The New York Law Journal reported that the inaugural committee running the event received more than $US$42.1 million ($64.2 million) from private donors.

 
 

Barry H. Berke, a lawyer from New York-based firm Kramer Levin Neftalls & Frankel, was found to have personally donated $U$10,000, and collected a further $US40,000 for colleagues and friends.

Berke said he made the contribution because Obama’s inauguration was “not just the election of the first black president but someone who is bringing a whole new generation into government”.

Meanwhile partner John P Coffey from Bernstein Litowitz Berger & Grossman said he made his donation of $US50,000 to help pay for the inauguration because President Obama refuses to accept contributions from interest groups.

The New York Law Journal said its figures were taken from Public Citizen – a non-profit consumer advocacy organisation representing consumer interests in Congress.

Public Citizen reports that 80 per cent of the total $U35.3 million raised for the Presidential Inauguration Committee came from just 211 individuals – many of whom called themselves “bundlers” because of their work in collecting additional funding from colleagues and friends.

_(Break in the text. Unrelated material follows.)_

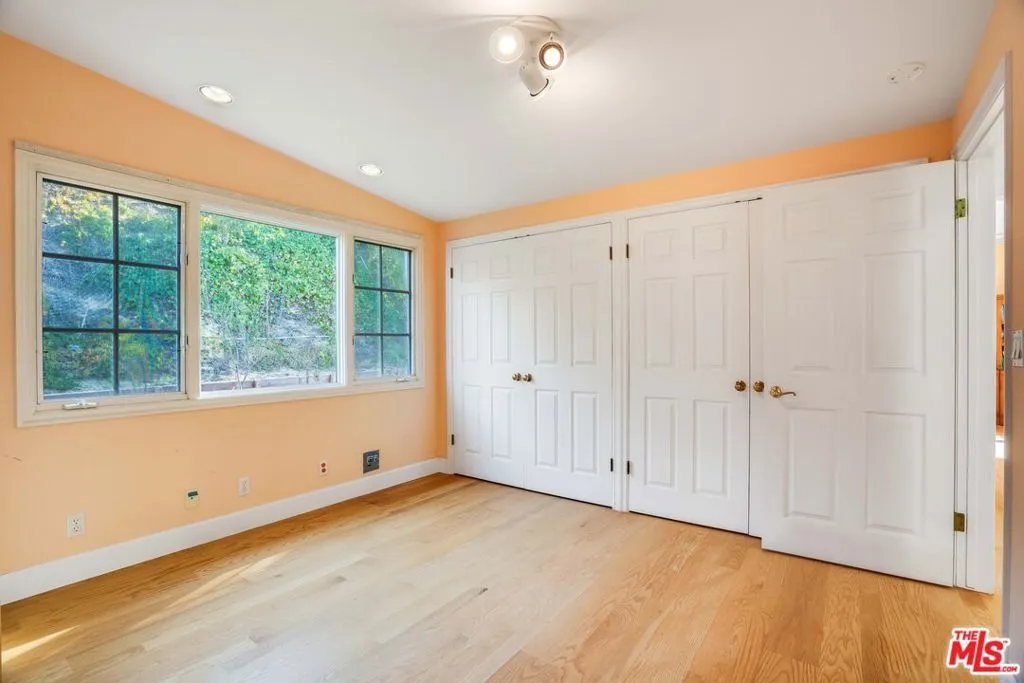 Rolling Hills Estates, California 90274, United States, 5 Bedrooms Bedrooms, ,5 BathroomsBathrooms,Residential,Active,16545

Prominent Wall St “bundlers” also included Mark Gilbert, a senior executive at Lehman Brothers who raised $US185,000, and Kobi Brinson, senior vice president and assistant general counsel at Wachovia, who raised $US35,000.

A government affairs lobbyist for Public Citizen, Craig Holman, said that many donors simply wanted to be part of history. “But donors and bundlers who represent special interests with business pending before the government and who dole out five-figure checks to the inaugural committee usually want a seat at the table with the new administration.”